Some Y'allywood Studio Owners Giving Up On Hollywood, Pivoting To Other Uses
The floor of Atlanta Filmworks Studio and Stages has seen its share of spatter from zombie kills as humans desperately fought for their survival while cameras rolled.
The 57K SF studio was once the home of several AMC shows, including spinoffs of The Walking Dead.
In the same space, children will soon bounce off trampolines, play laser tag, and climb indoor ropes courses in a Thrillz indoor amusement park. This is how Atlanta Filmworks’ investment in the space will survive.
The studio is the latest among a slew of former film and TV studios in Metro Atlanta forced to find alternative uses amid a prolonged U.S. film and television production slump.
When the studio opened its doors in 2013 as part of a rapid expansion of studio space in the area, AMC Studios signed a long-term lease. In 2023, however, AMC terminated its lease, leaving the studio bare of productions, according to Glenn Murer, Atlanta Filmworks’ owner and partner.
Murer said he is no longer betting on Hollywood for a business plan for the space. Thrillz signed a 10-year lease, and he is moving forward with that.
“They’re building out the space now,” Murer said. “For me, I lost a tenant, and I found a new tenant.”
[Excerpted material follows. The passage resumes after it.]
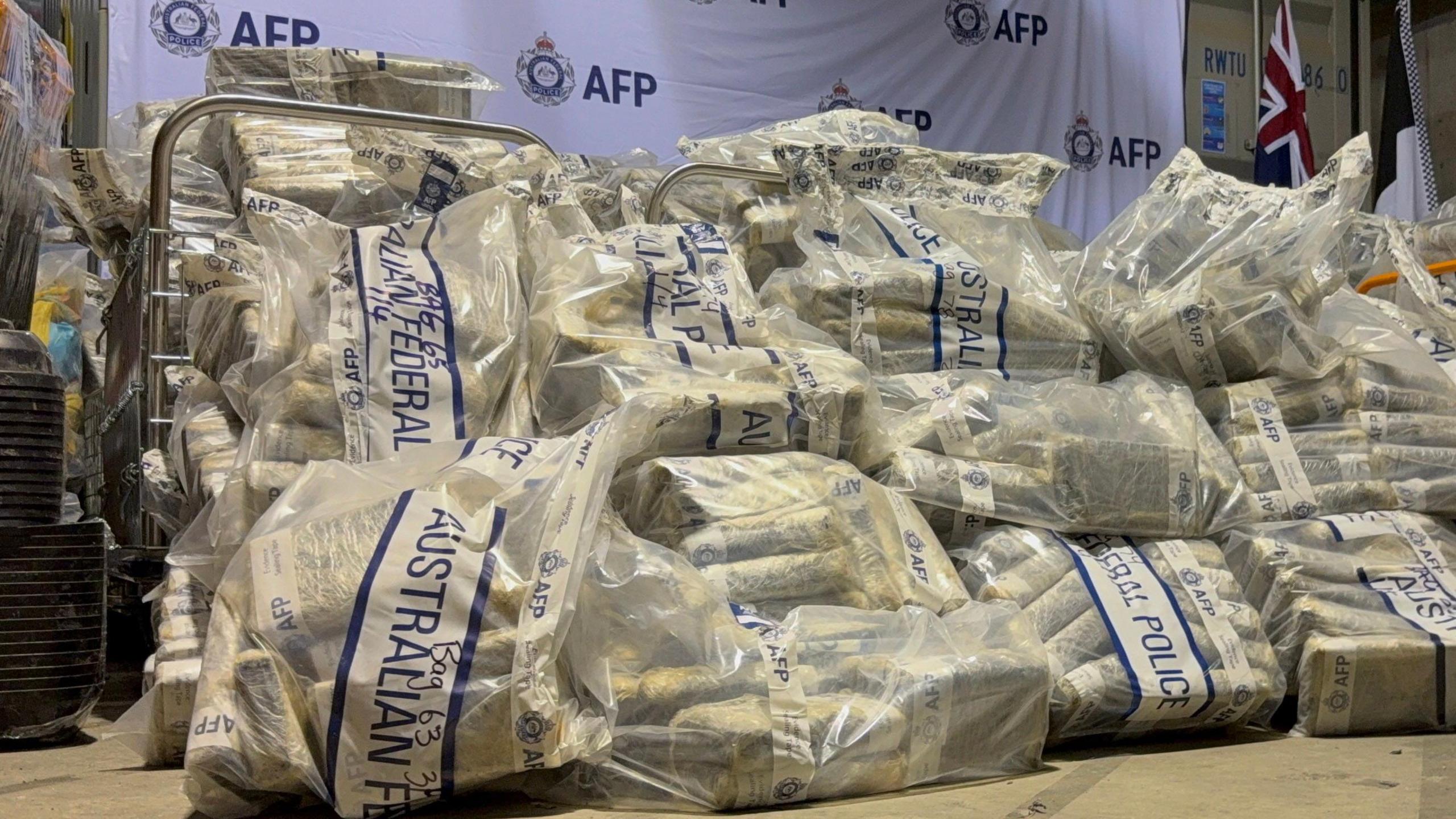 A pile of large plastic bags containing dozens of packages and bearing the label of Australian Federal Police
Atlanta Filmworks isn’t alone. Bisnow has found several former Metro Atlanta film and TV production spaces in similar situations, recently converted to or being marketed for other uses.
The Georgia Film Office, the state agency tasked with attracting film productions, lists some 4.2M SF of stage space throughout the state. The state doesn’t track the number of studios that convert to other business models.
Raulet Property Partners Vice President John Raulet has had a front-row seat to the studio shrinkage.
At its peak as a studio operator, Raulet Property commanded five studios in Metro Atlanta. Today, the real estate firm only operates one: Mailing Avenue Stageworks.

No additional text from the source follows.